_Data provided_
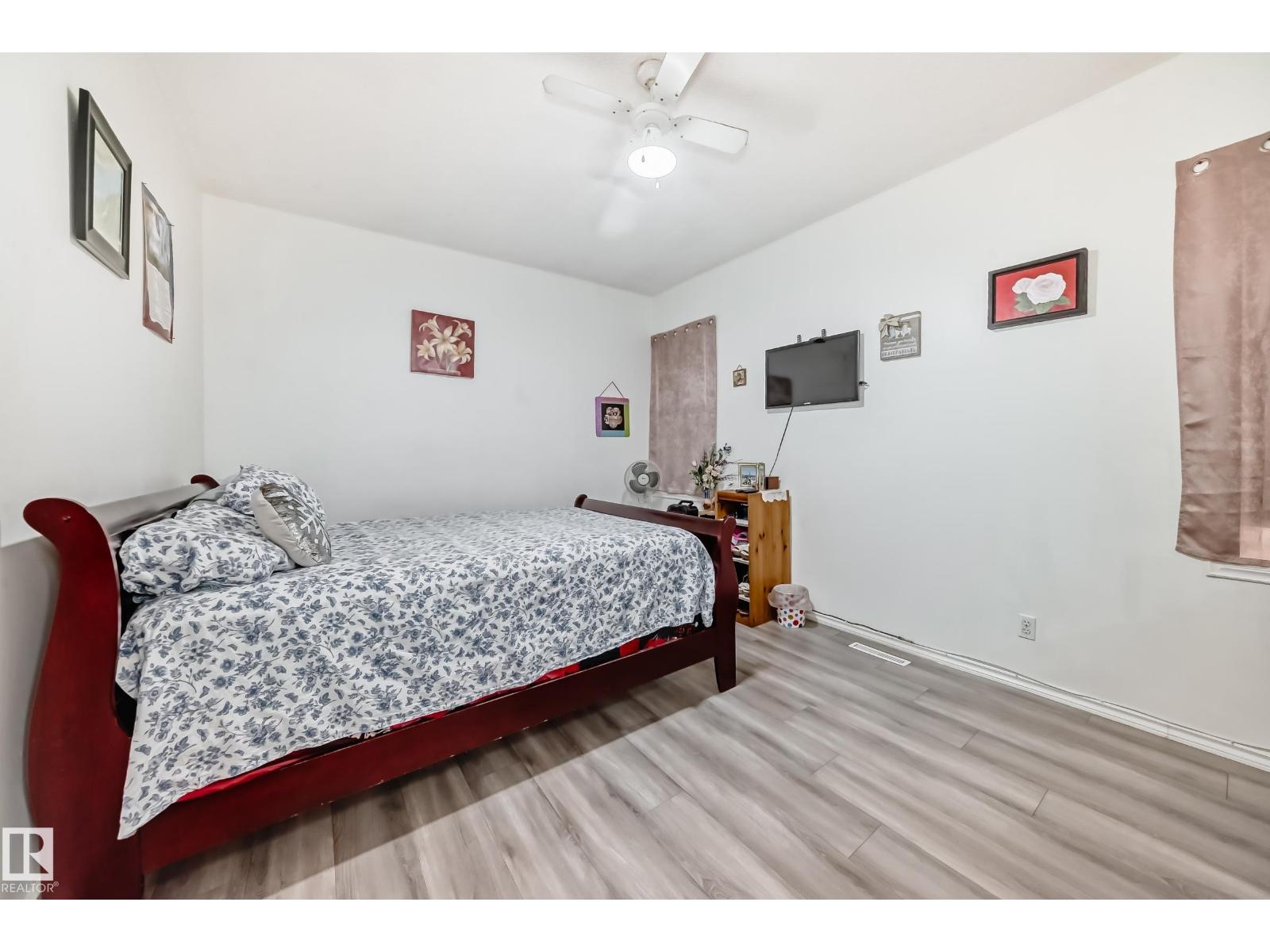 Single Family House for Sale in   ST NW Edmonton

---

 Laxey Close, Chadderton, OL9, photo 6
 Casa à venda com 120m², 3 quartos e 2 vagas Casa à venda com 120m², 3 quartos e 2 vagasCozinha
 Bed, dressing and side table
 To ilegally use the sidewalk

---

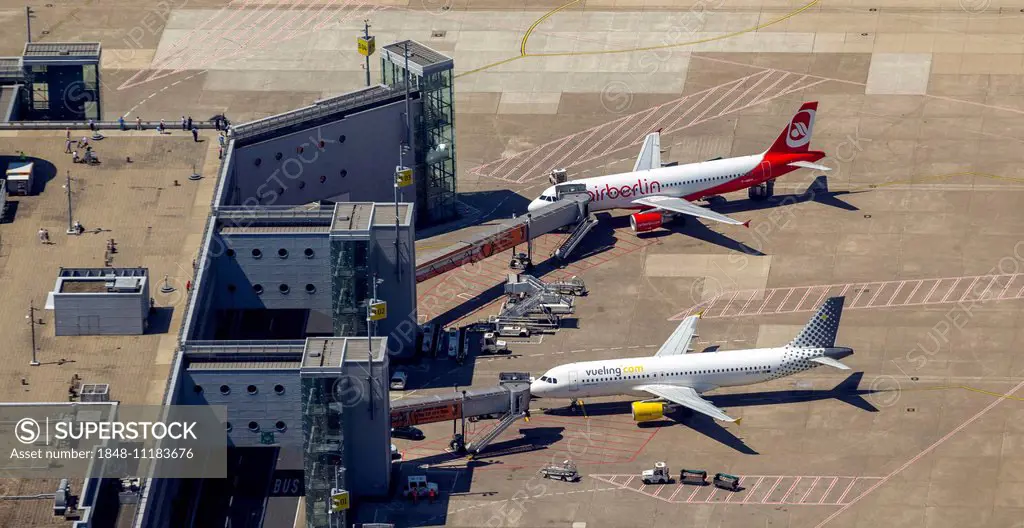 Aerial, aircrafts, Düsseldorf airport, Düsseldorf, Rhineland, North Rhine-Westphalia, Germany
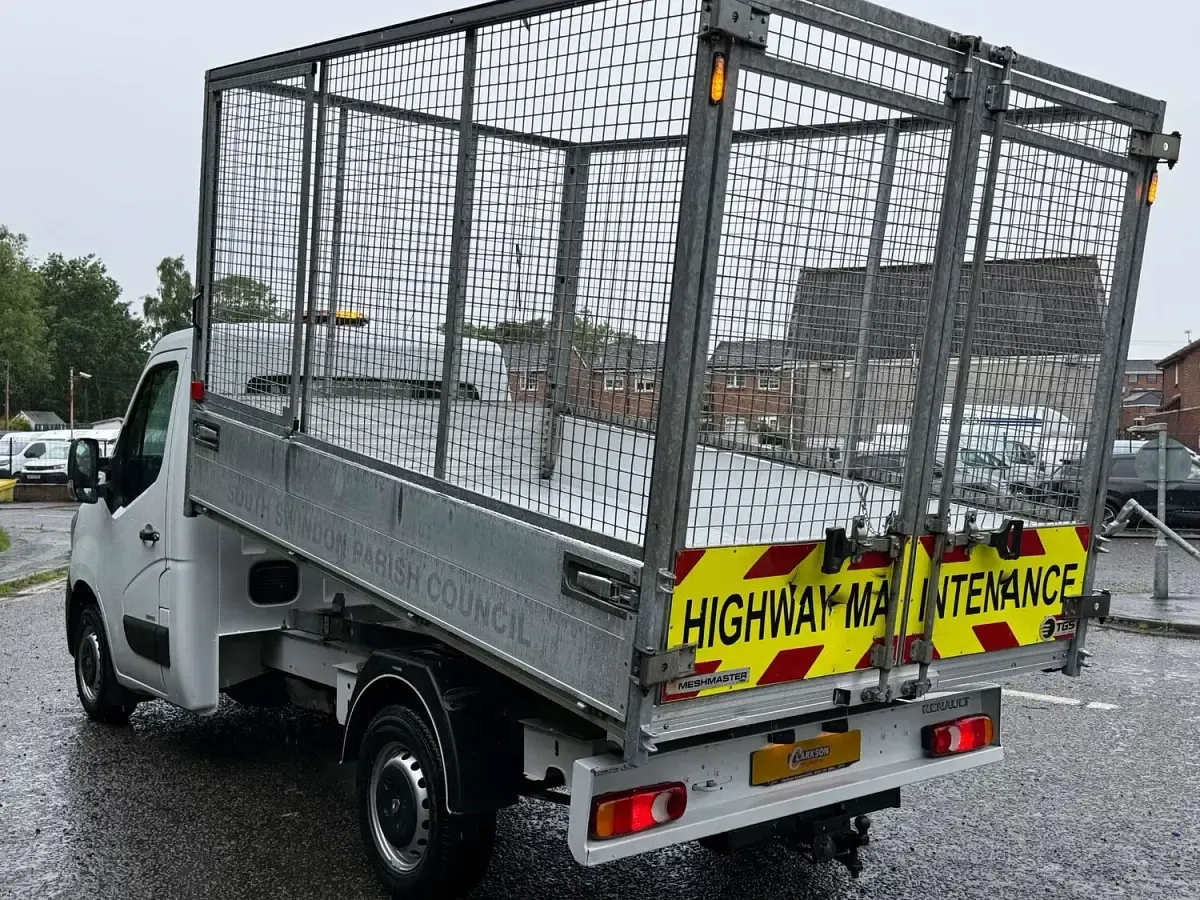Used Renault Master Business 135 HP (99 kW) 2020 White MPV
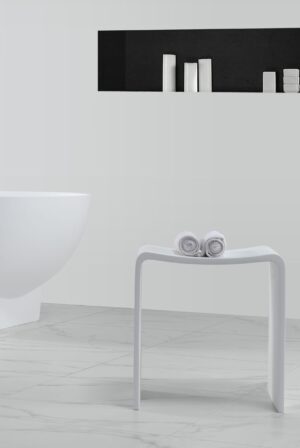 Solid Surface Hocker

_Problem to solve_
Above this task is a listing with pictures in it. Retype only the lines from the one containing "Aerial, aircrafts, Düsseldorf" through the one containing "Solid Surface Hocker", both included, and not the pictures.

_Task output_
 Aerial, aircrafts, Düsseldorf airport, Düsseldorf, Rhineland, North Rhine-Westphalia, Germany
Used Renault Master Business 135 HP (99 kW) 2020 White MPV
 Solid Surface Hocker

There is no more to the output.